Caption-style text data

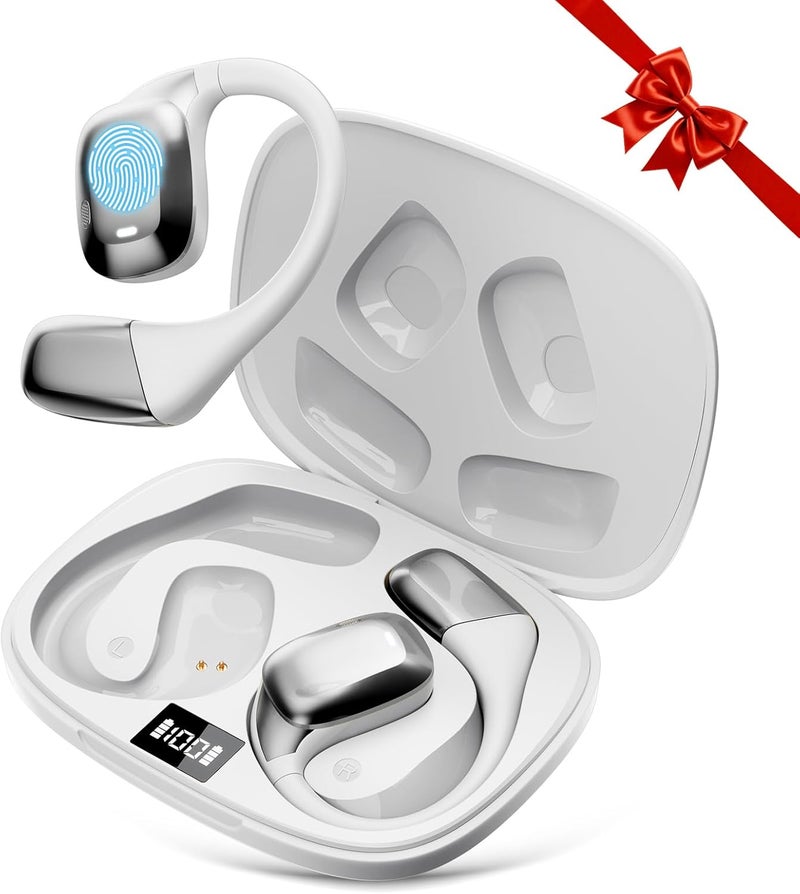 JoyHood AI Translation Earbuds Real Time Interpretation– 144 Language Translator Device No Subscription, Pocket-Sized Wireless Bluetooth Translator Headphones for International Conferences, Trade Show& Travel - Image 1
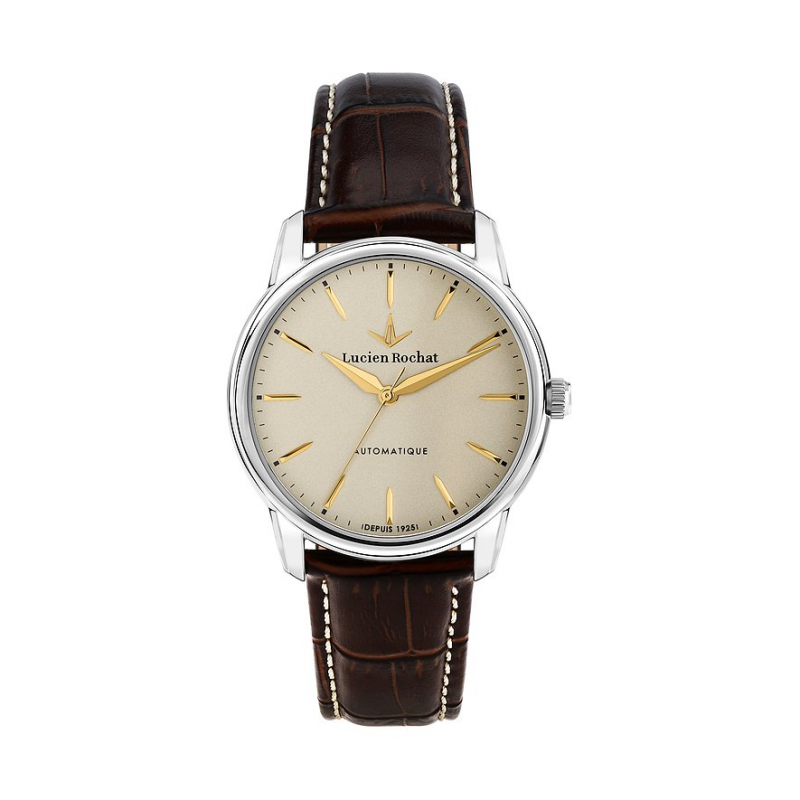 Lucien Rochat Herrenuhr Iconic Slim R0421116016 Edelstahl – Bild 1 von 3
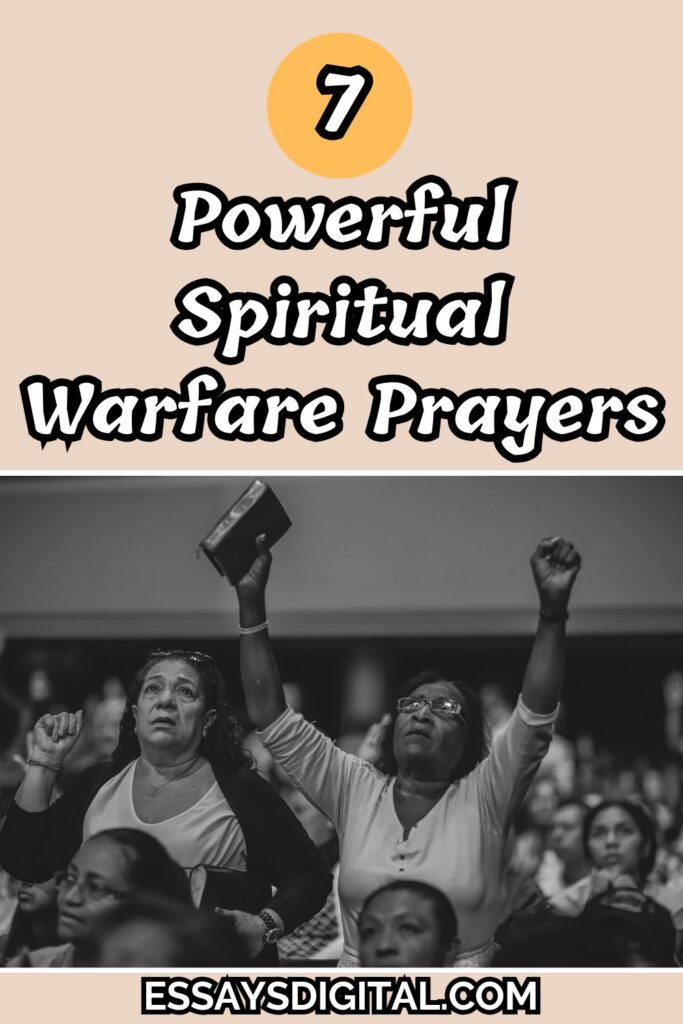 Powerful Spiritual Warfare Prayers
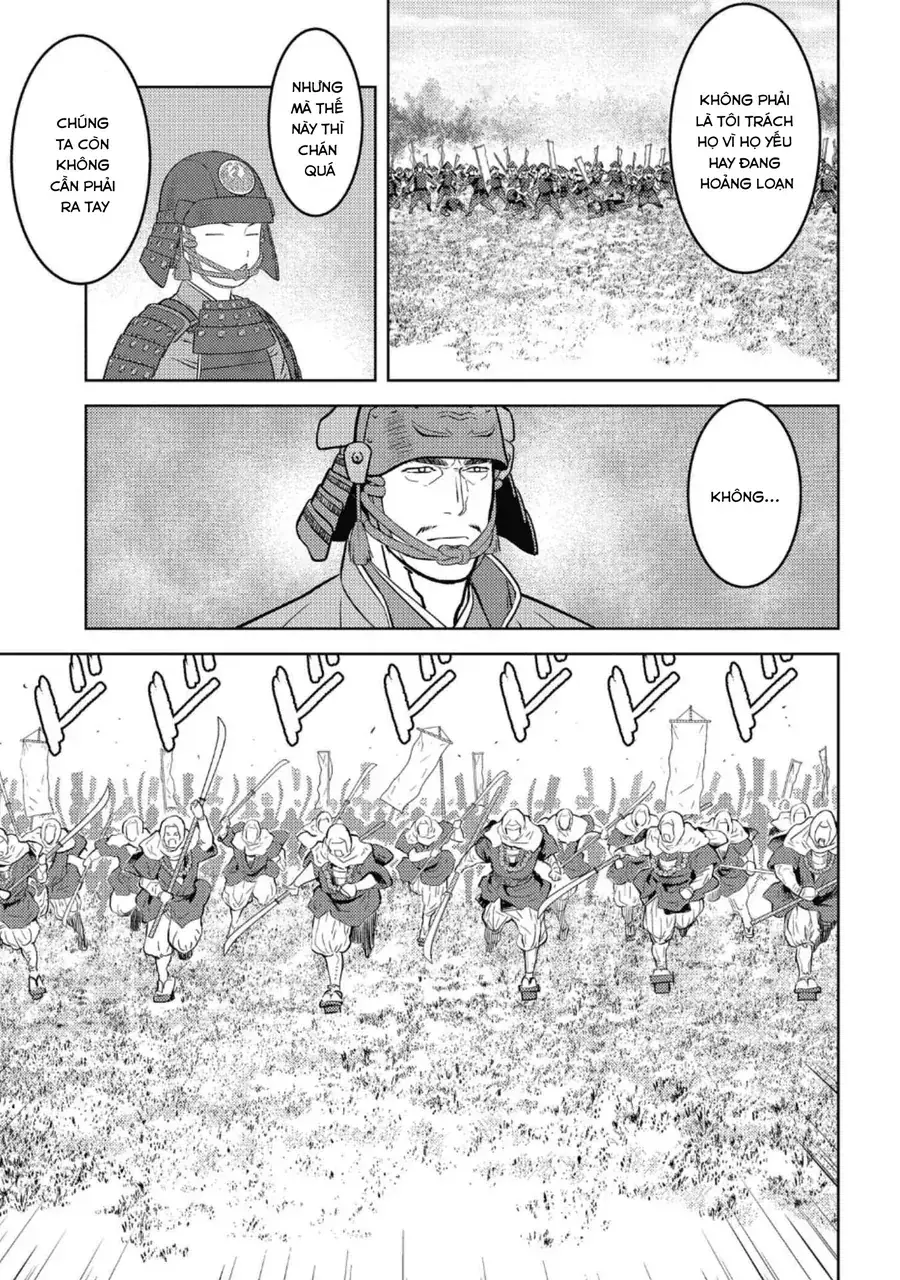 Sengoku Komachi Kurou Tan Chapter 49 - Trang 20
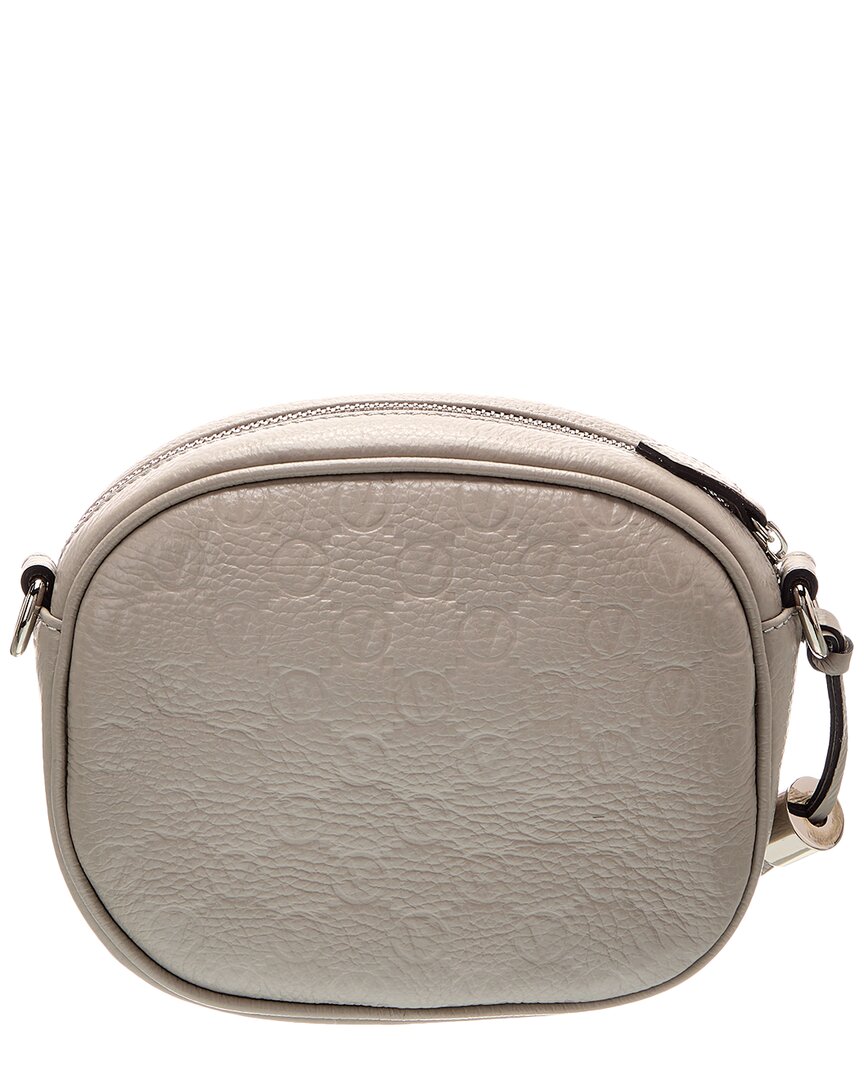 Valentino By Mario Valentino Nina Dollaro Monogram Leather Crossbody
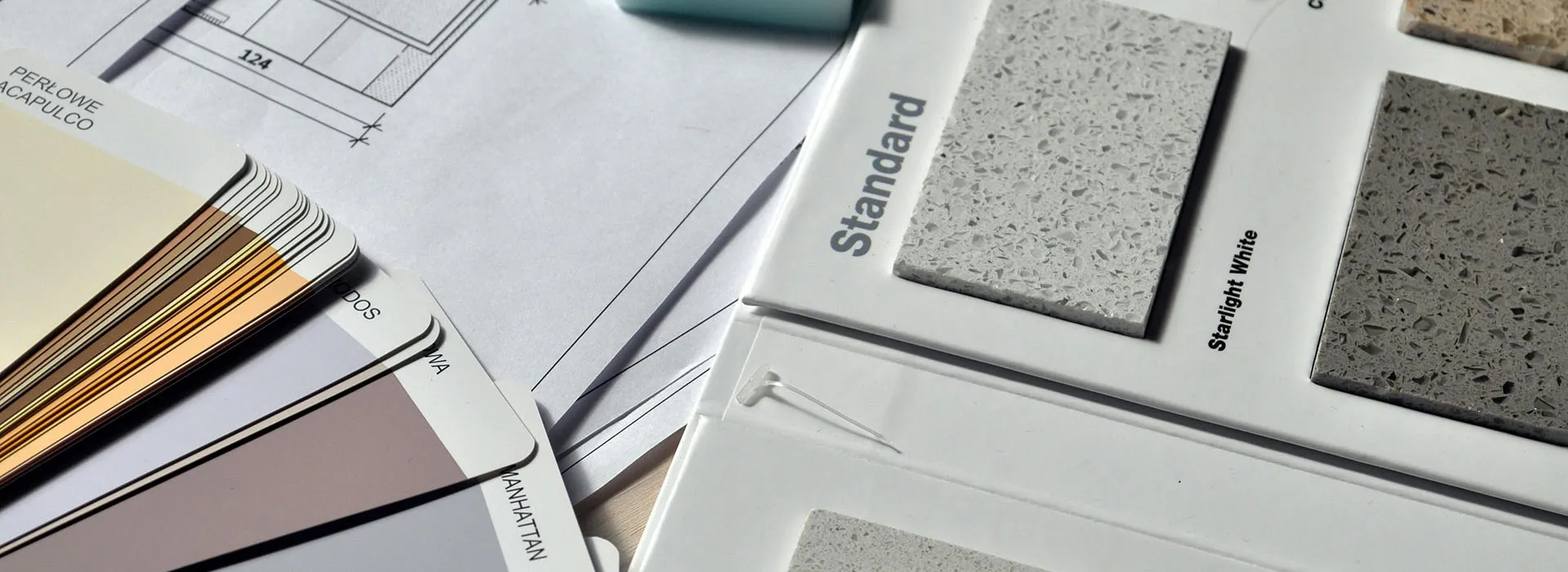 interior design tools, paint colours and samples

Problem to solve
Once the pictures are removed, write out all of the entries above exactly.

Final answer
 JoyHood AI Translation Earbuds Real Time Interpretation– 144 Language Translator Device No Subscription, Pocket-Sized Wireless Bluetooth Translator Headphones for International Conferences, Trade Show& Travel - Image 1
 Lucien Rochat Herrenuhr Iconic Slim R0421116016 Edelstahl – Bild 1 von 3
 Powerful Spiritual Warfare Prayers
 Sengoku Komachi Kurou Tan Chapter 49 - Trang 20
 Valentino By Mario Valentino Nina Dollaro Monogram Leather Crossbody
 interior design tools, paint colours and samples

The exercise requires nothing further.